An E.P.A. scientific review panel made up of academic experts last July also had raised questions about some of the conclusions the chemical safety staff had reached. That led the staff to revise the way it had justified its findings of harm, although the agency employees as of late last year still concluded that the chemical should be banned.
Mr. Pruitt, in an announcement issued Wednesday night, said the agency needed to study the science more.
“We need to provide regulatory certainty to the thousands of American farms that rely on chlorpyrifos, while still protecting human health and the environment,” Mr. Pruitt said in his statement. “By reversing the previous administration’s steps to ban one of the most widely used pesticides in the world, we are returning to using sound science in decision-making — rather than predetermined results.”
The United States Department of Agriculture, which works close with the nation’s farmers, supported Mr. Pruitt’s action.
“It means that this important pest management tool will remain available to growers, helping to ensure an abundant and affordable food supply for this nation,” Sheryl Kunickis, director of the U.S.D.A. Office of Pest Management Policy, said in a statement Wednesday.
Dow Agrosciences, the division that sells the product, also praised the ruling, calling it in a statement “the right decision for farmers who, in about 100 countries, rely on the effectiveness of chlorpyrifos to protect more than 50 crops.”
Though I can see why you cherry-picked the article for info relative to your displeasure of Trump and Republicans, they didn’t make the decision. It was Mr. Scott Pruitt. Write your state officials and voice your concerns. Let them hear your displeasure so they can voice that concern up the ladder. It is your right as an American and your obligation if you disagree with choice made.
Give em hell Frink.
DDT was such was a resounding environmental success, so why worry? 😉
Thank goodness a lot of farms around here are organic.
Since I am not a Graduated Chemist or Scientist I don’t know what the actual differences between DDT and Chlorpyrifos are.
I did look up these two and found this information.
Chlorpyrifos (IUPAC name: O,O-diethyl O-3,5,6-trichloropyridin-2-yl phosphorothioate) is a crystalline organophosphate insecticide, acaracide and miticide.
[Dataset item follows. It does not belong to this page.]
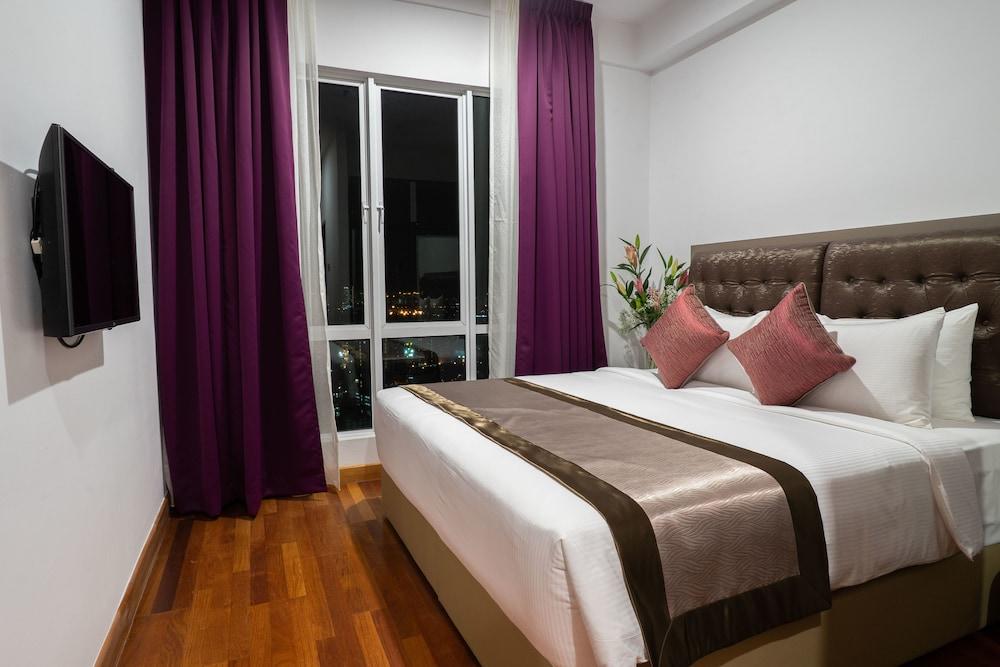 Tamu Hotel & Suites Kuala Lumpur Exterior foto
It was introduced in 1965 by Dow Chemical Company and is known by many trade names including Dursban, Lorsban, Bolton Insecticide, Nufos, Cobalt, Hatchet, and Warhawk [5]. It acts on the nervous system of insects by inhibiting acetylcholinesterase.
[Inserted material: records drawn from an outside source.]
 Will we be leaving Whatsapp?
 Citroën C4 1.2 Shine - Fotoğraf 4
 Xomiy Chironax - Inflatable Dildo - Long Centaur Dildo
Chlorpyrifos is moderately toxic to humans, and exposure has been linked to neurological effects, persistent developmental disorders and autoimmune disorders. Exposure during pregnancy retards the mental development of children, and most home use was banned in 2001 in the U.S.[6] In agriculture, it is “one of the most widely used organophosphate insecticides” in the United States, according to the United States Environmental Protection Agency (EPA), and before being phased out for residential use was one of the most used residential insecticides.[7] On March 29, 2017, EPA Administrator Scott Pruitt denied a petition to ban chlorpyrifos.[8]
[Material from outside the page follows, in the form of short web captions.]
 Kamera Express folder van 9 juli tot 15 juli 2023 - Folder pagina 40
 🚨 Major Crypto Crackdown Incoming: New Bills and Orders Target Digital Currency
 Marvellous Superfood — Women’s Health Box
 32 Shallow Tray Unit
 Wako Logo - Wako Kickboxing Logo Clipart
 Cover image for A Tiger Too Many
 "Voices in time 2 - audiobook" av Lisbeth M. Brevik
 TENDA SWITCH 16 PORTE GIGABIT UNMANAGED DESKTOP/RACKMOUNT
Dichlorodiphenyltrichloroethane (DDT) is a colorless, crystalline, tasteless, and almost odorless organochlorine known for its insecticidal properties and environmental impacts. First synthesized in 1874, DDT’s insecticidal action was discovered by the Swiss chemist Paul Hermann Müller in 1939. It was used in the second half of World War II to control malaria and typhus among civilians and troops. After the war, DDT was also used as an agricultural insecticide and its production and use duly increased.[5] Müller was awarded the Nobel Prize in Physiology or Medicine “for his discovery of the high efficiency of DDT as a contact poison against several arthropods” in 1948.[6]
In 1962, Rachel Carson’s book Silent Spring was published. It cataloged environmental impacts that coincided with widespread use of DDT in agriculture in the United States, and it questioned the logic of broadcasting potentially dangerous chemicals into the environment with little prior investigation of their environment and health effects. The book claimed that DDT and other pesticides had been shown to cause cancer and that their agricultural use was a threat to wildlife, particularly birds. Its publication was a seminal event for the environmental movement and resulted in a large public outcry that eventually led, in 1972, to a ban on DDT’s agricultural use in the United States.[7] A worldwide ban on agricultural use was formalized under the Stockholm Convention on Persistent Organic Pollutants, but its limited and still-controversial use in disease vector control continues,[8][9] because of its effectiveness in reducing malarial infections, balanced by environmental and other health concerns.
Along with the passage of the Endangered Species Act, the United States ban on DDT is a major factor in the comeback of the bald eagle (the national bird of the United States) and the peregrine falcon from near-extinction in the contiguous United States.[10][11]